Blog Entry

Haney as confused about Tiger as we are

Posted on: March 1, 2011 4:50 pm
 

PALM BEACH GARDENS, Fla. -- You are not alone.

Like most everybody, even some prominent former members of the Tiger Woods camp are perplexed about the state of the fallen world No. 1's game.

If not about its direction.

In fact, Hank Haney, Woods' swing coach for six dominant years, is posing the same queries that the rest of us are asking. A sampling of quick-n-easy ones spring to mind.

Where is he and why isn't he playing? What's the deal with the swing changes? What's taking so long to post decent results?

They sound all-too familiar.

"It's hard to micro-analyze golf," Haney said. "You can’t make too much of match play last week because it's one round and Torrey Pines was one tournament. I don't know if there has been enough of a sample size. Maybe he just needs to play more."

But, of course, he hasn’t.

It's already March, yet Woods has logged nine live rounds as the tour heads to the Honda Classic and kicks off the Florida Swing, the traditional gateway to the Masters, which begins April 7.

Sure, empires have been built in five weeks. Empires have crumbled in the same span. Haney, watching from afar like the rest of us after severing ties with Woods last May, is scratching his head just as often, too, as Woods sends forth obtuse messages that have caused more confusion than clarity. He is expected to play this month at Doral and Bay Hill, where he can log eight more rounds before the Masters.

Like others, Haney doesn’t understand why Woods keeps explaining that he needs more time and repetitions, yet hasn’t added any stars. After getting bounced in the first round of the Accenture Match Play last week, Woods didn’t play this week, citing unspecified commitments. He's never played at Tampa's Transitions Championship, either, and rarely deviates from his list of annual tournament favorites.
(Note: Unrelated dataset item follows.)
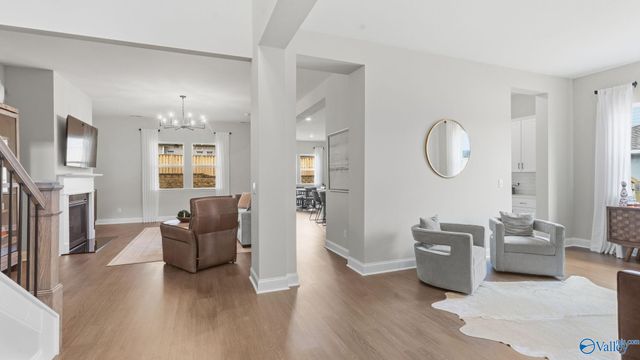 8107 Goose Ridge Drive, Owens Cross Roads, AL 35756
Thus, as time keeps ticking away, so does his stature on the global pegboard. Woods this week dropped to fifth in the world ranking, his lowest position since the week before he won the 1997 Masters, the first of his 14 major championship titles.

If you think his new swing looks foreign, so does his movement in the ranking -- backwards.
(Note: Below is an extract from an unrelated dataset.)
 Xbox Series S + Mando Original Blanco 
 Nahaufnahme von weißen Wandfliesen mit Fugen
Two weeks ago, after reading reports that longtime confidant John Cook said that Woods had suddenly solved his offseason swing issues, Haney recalled a similar moment in their time together and predicted that Woods would win. Then he watched as Woods washed out in the Tucson desert, losing in 19 holes to underdog Thomas Bjorn.
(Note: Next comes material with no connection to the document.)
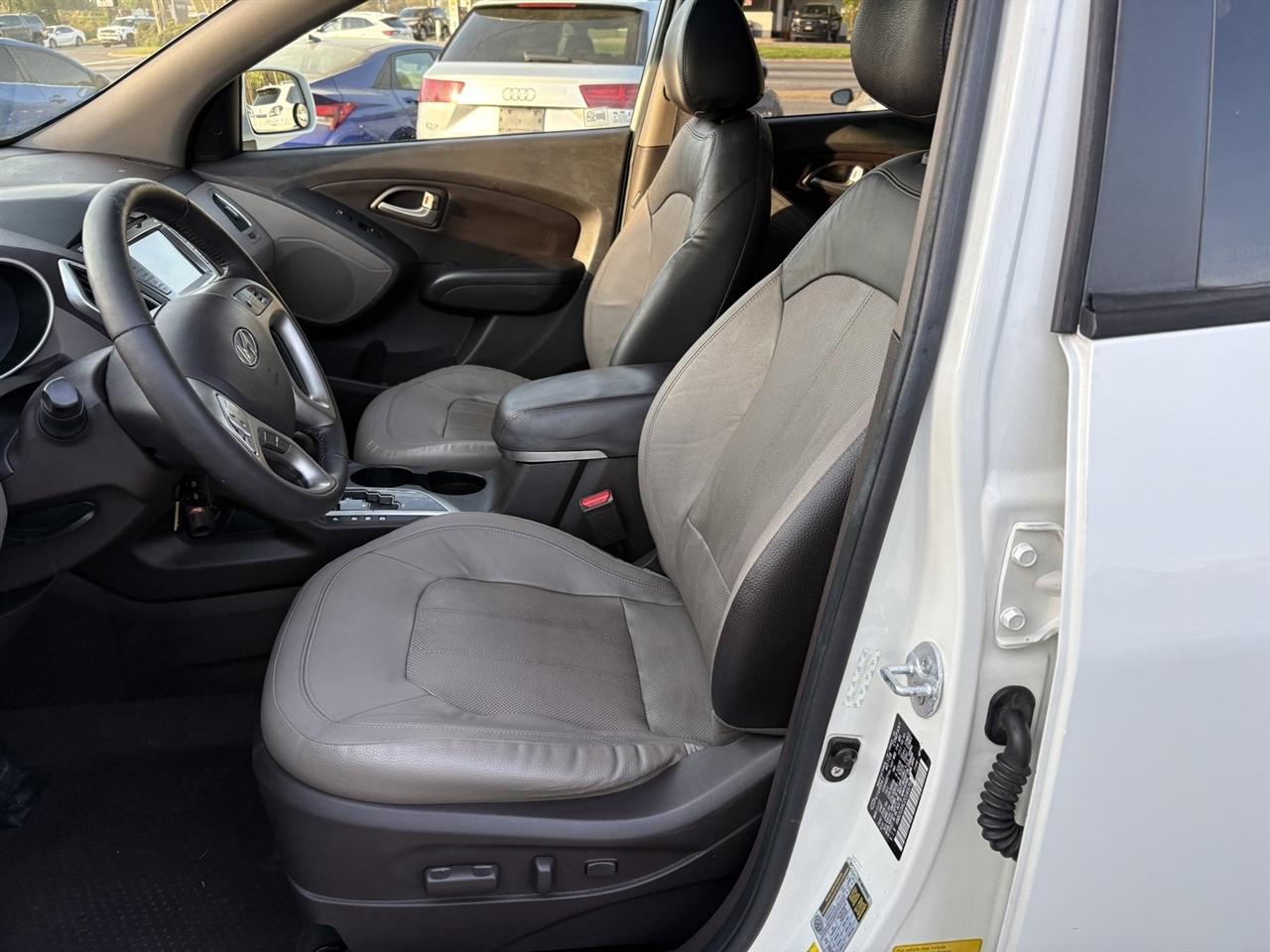 Hyundai Tucson GL Auto FWD 2012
"I get confused when I listen to everything, because everything seems contradictory," Haney said. "He says he needs more reps, but he doesn’t play any more? John Cook said he doesn’t really need to hit a lot of balls anymore, he just needs to play. But I thought he just needed more reps? More reps, but you don’t need to practice? What is it?"

What it isn't is pretty. Woods hasn't posted a win on the PGA Tour in 17 months and hasn’t mustered an official top 10 on American soil since the U.S. Open last June. He again skipped the Honda, played two hours from his Orlando home. If there's one thing we have learned over the course of Woods' 15 years as a pro, is that he views stubbornness as an attribute.  He's not going to add tournaments just because nearly everybody thinks that's what is best.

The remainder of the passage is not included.